From first line to last, copy the listing exactly and omit its pictures.
=====
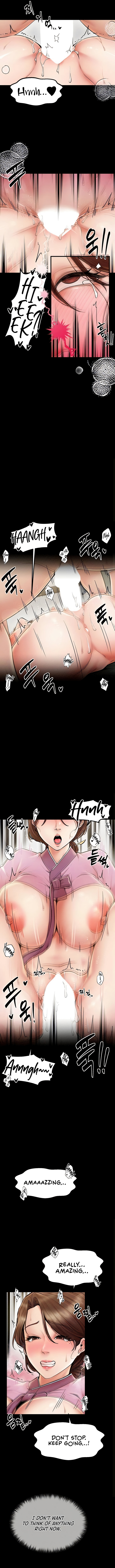 [BlackGG & Kuro Kitsune] The Servant’s Story (Chapters 1-70) [English] [Omega Scans] [Complete] - Page 82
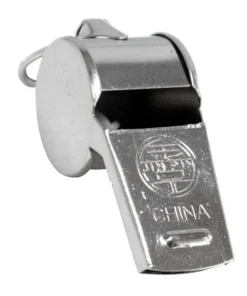 Pito Metálico Jin Pin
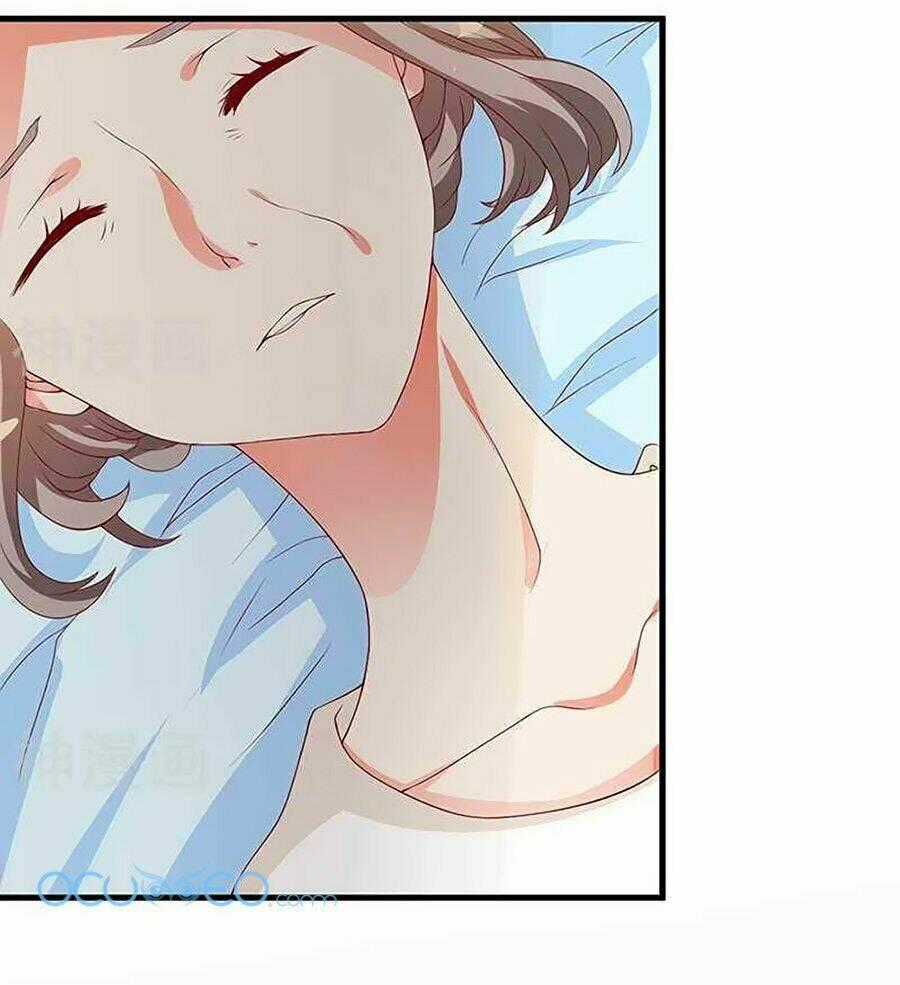 Gối Đầu Vào Tổng Tài Ác Ma Chapter 18 trang 1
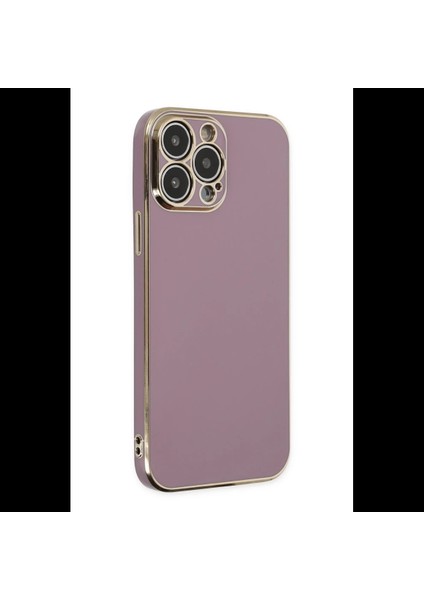 iPhone 14 Pro Max Kılıf Volet Silikon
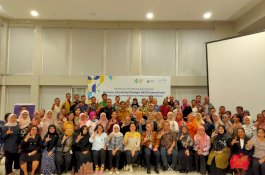 Dua Puskesmas Bulukumba Raih Predikat Center Of Excellence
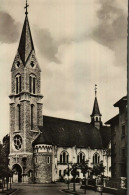 ESCH-SUR-ALZETTE   Église Saint-Henri - Esch-Alzette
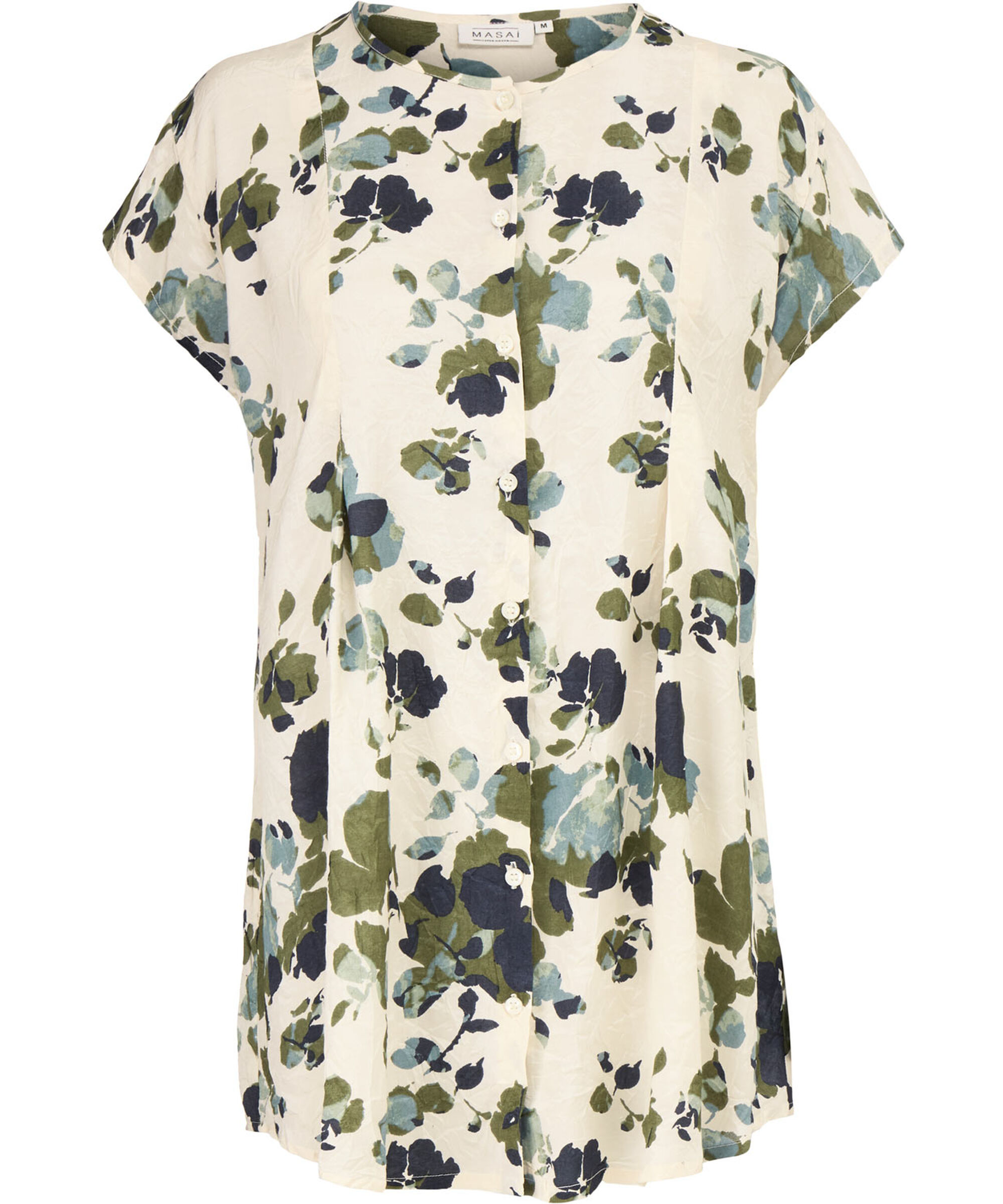 IBIA SKJORTA, Whitecap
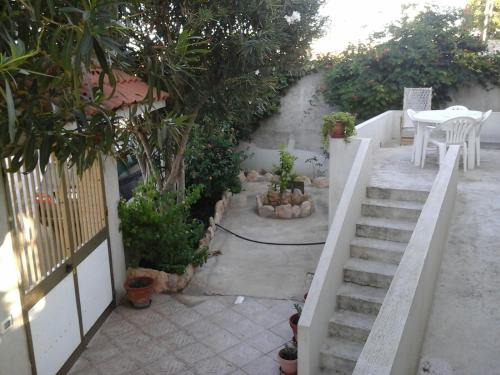 Lampedusa Apartment | Appartamento con giardino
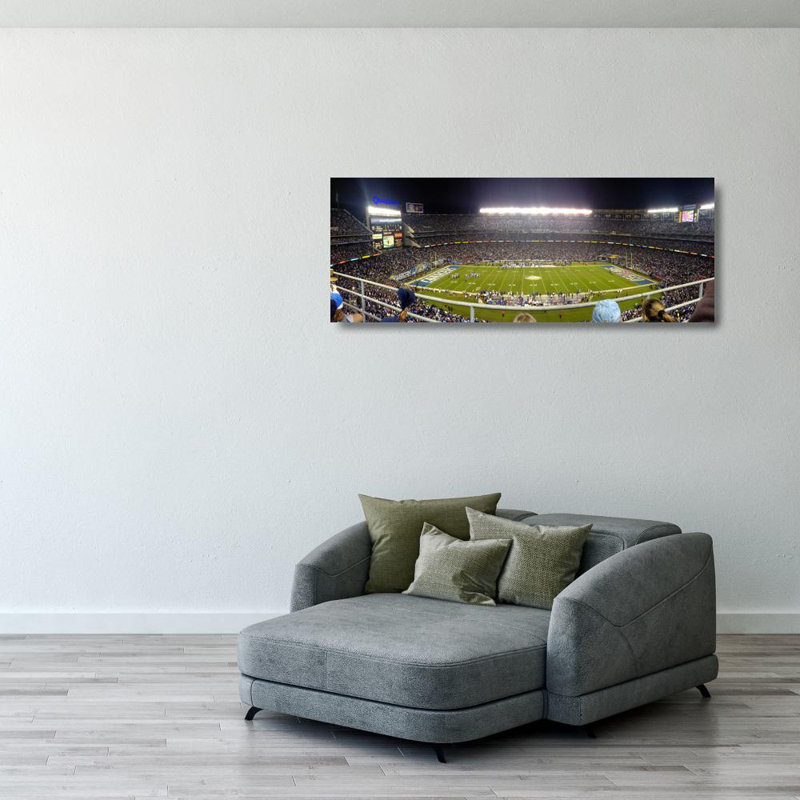 Qualcomm Stadium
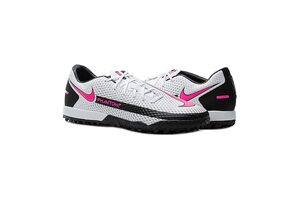 Бутсы  PHANTOM GT ACADEMY TF Nike CK8470-160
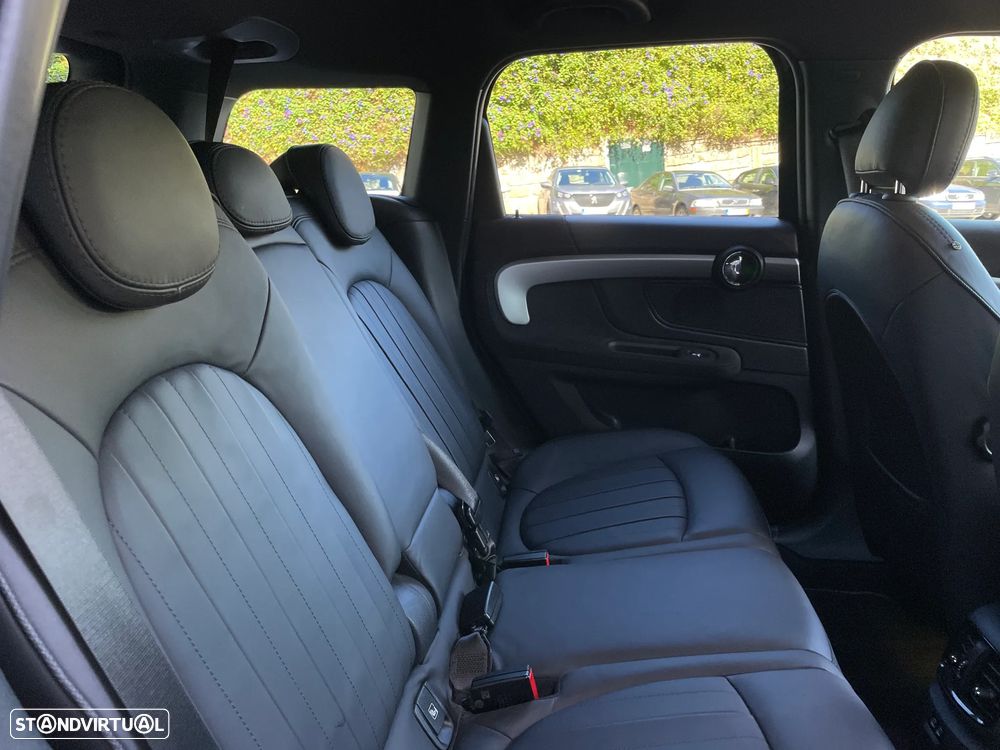 MINI Countryman Cooper SE ALL4 Yours Auto - 36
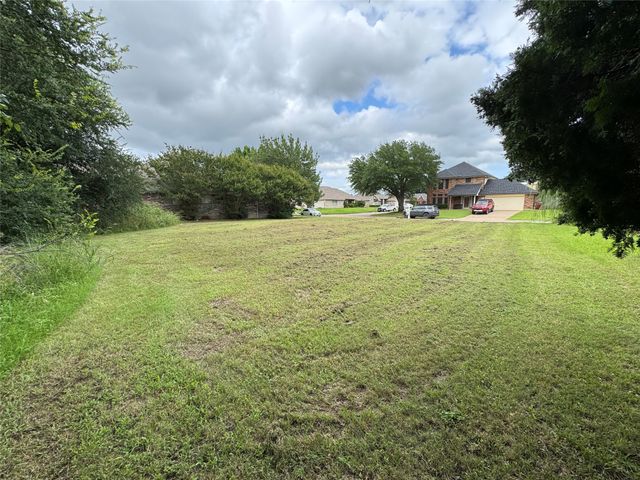 1804 Timberline Lane, Sherman, TX 75092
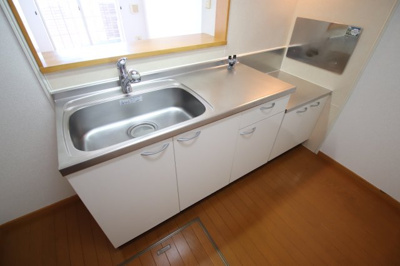 【キッチン】 | フィオーレ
=====
ANSWER BELOW
 [BlackGG & Kuro Kitsune] The Servant’s Story (Chapters 1-70) [English] [Omega Scans] [Complete] - Page 82
 Pito Metálico Jin Pin
 Gối Đầu Vào Tổng Tài Ác Ma Chapter 18 trang 1
 iPhone 14 Pro Max Kılıf Volet Silikon
 Dua Puskesmas Bulukumba Raih Predikat Center Of Excellence
 ESCH-SUR-ALZETTE   Église Saint-Henri - Esch-Alzette
 IBIA SKJORTA, Whitecap
 Lampedusa Apartment | Appartamento con giardino
 Qualcomm Stadium
 Бутсы  PHANTOM GT ACADEMY TF Nike CK8470-160
 MINI Countryman Cooper SE ALL4 Yours Auto - 36
 1804 Timberline Lane, Sherman, TX 75092
 【キッチン】 | フィオーレ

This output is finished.